Statement by Sri Lanka Delegation under agenda item 3 of Human Rights Council - by Ms. Shirani Goonetilleke, Director Legal, Secretariat for Coordinating the Peace Process on 21st September 2007

The statement by the Sri Lanka delegation to the Sixth Session of the Human Rights Council in Geneva on 21st September 2007 at Palais des Nations in Geneva emphasized the strong commitment of the Government to eradicate the heinous practice of child recruitment.

Ms Shirani Goonatilleke, Director Legal of the Secretariat for Coordinating the Peace Process speaking on behalf of the Government of Sri Lanka outlined the steps taken to protect children in armed conflict. (The full statement is reproduced below).

Ms Radhika Coomaraswamy , Under-Secretary –General, Special Representative of the Secretary- General for Children and Armed Conflict presented her report to the Human Rights Council in Geneva today. The report included her findings from her field visits to countries undergoing conflict and the findings of her Special Adviser Mr Alan Rock’s visit to Sri Lanka in November 2006. Ms Coomaraswamy stated that with the full cooperation of the Government he was able to access all areas of the country including the north and the east in order to ascertain the ground situation.

Ms Coomaraswamy welcomed the statement made by the Sri Lanka delegation and commended the positive steps taken by the Government. She highlighted in particular the adoption of zero tolerance in regard to child recruitment, the commitment in relation to the Security Council Resolution 1612 and the action taken in setting up a committee to investigate allegations of complicity against certain elements of the security forces in the alleged abductions and recruitment of children by the LTTE “ break away” group the Karuna faction.

She said it was unfortunate that the LTTE did not commit to the full release of children under the age of 18 years and this she noted was in contravention to applicable national and international law.

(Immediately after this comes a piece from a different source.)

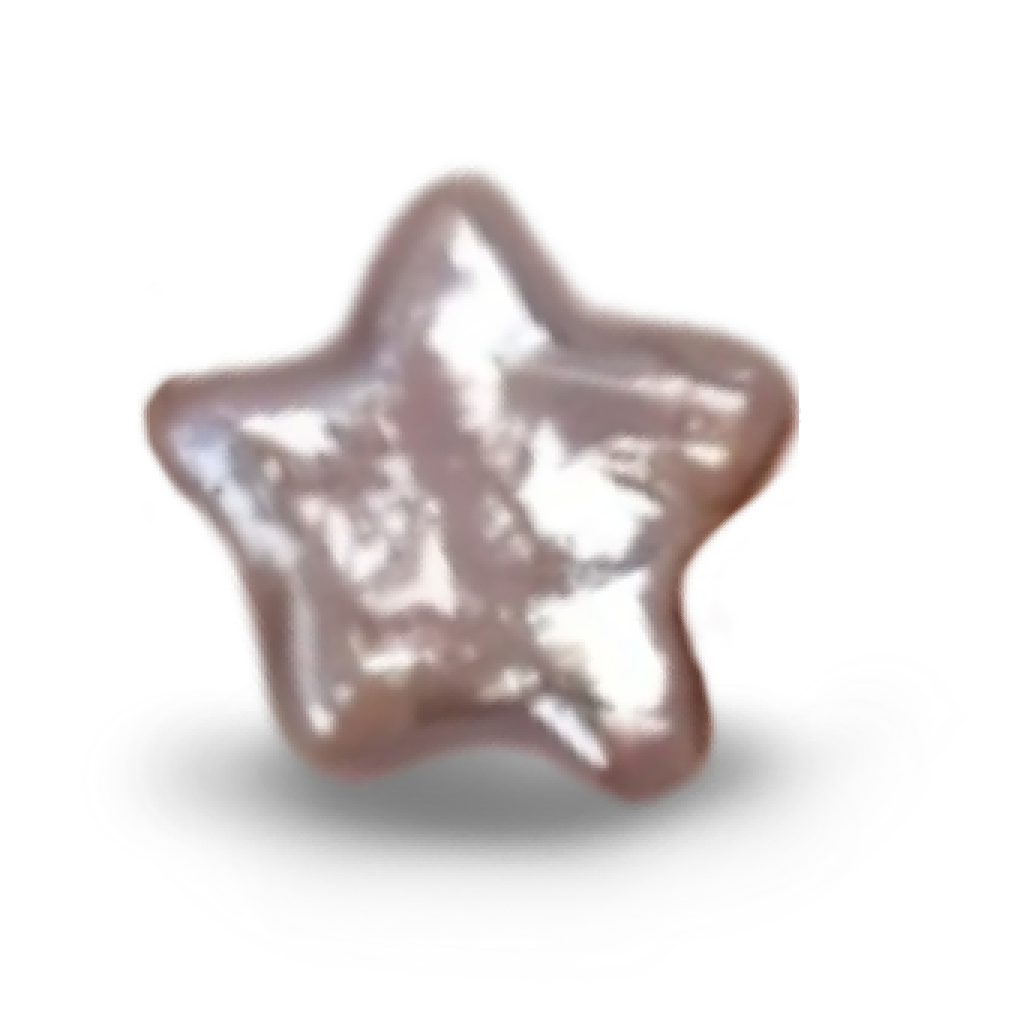 U0903 Purple Pentagram Star Baroque Freshwater Pearl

STATEMENT BY MS.SHIRANI GOONATILLEKE OF THE SRI LANKA DELEGATION
UNDER AGENDA ITEM 3 OF THE HUMAN RIGHTS COUNCIL
21 SEPTEMBER 2007, GENEVA

Child Recruitment: An Affront to Humanity

Mr President, my delegation would like to thank Ms Radhika Coomaraswamy for her comprehensive report presented today.

Mr President,

One of the most serious aspects of Sri Lanka’s conflict, is the forced participation of children as soldiers. Recruitment of children is an absolute affront to humanity. The Government of Sri Lanka strongly condemns the heinous practice of child recruitment and the tragic abuse of children that results, when they are used as combatants. The government regards it as a zero tolerance and non-negotiable issue and is totally committed to eradicating this scourge and ensuring the protection of all children affected by the armed conflict.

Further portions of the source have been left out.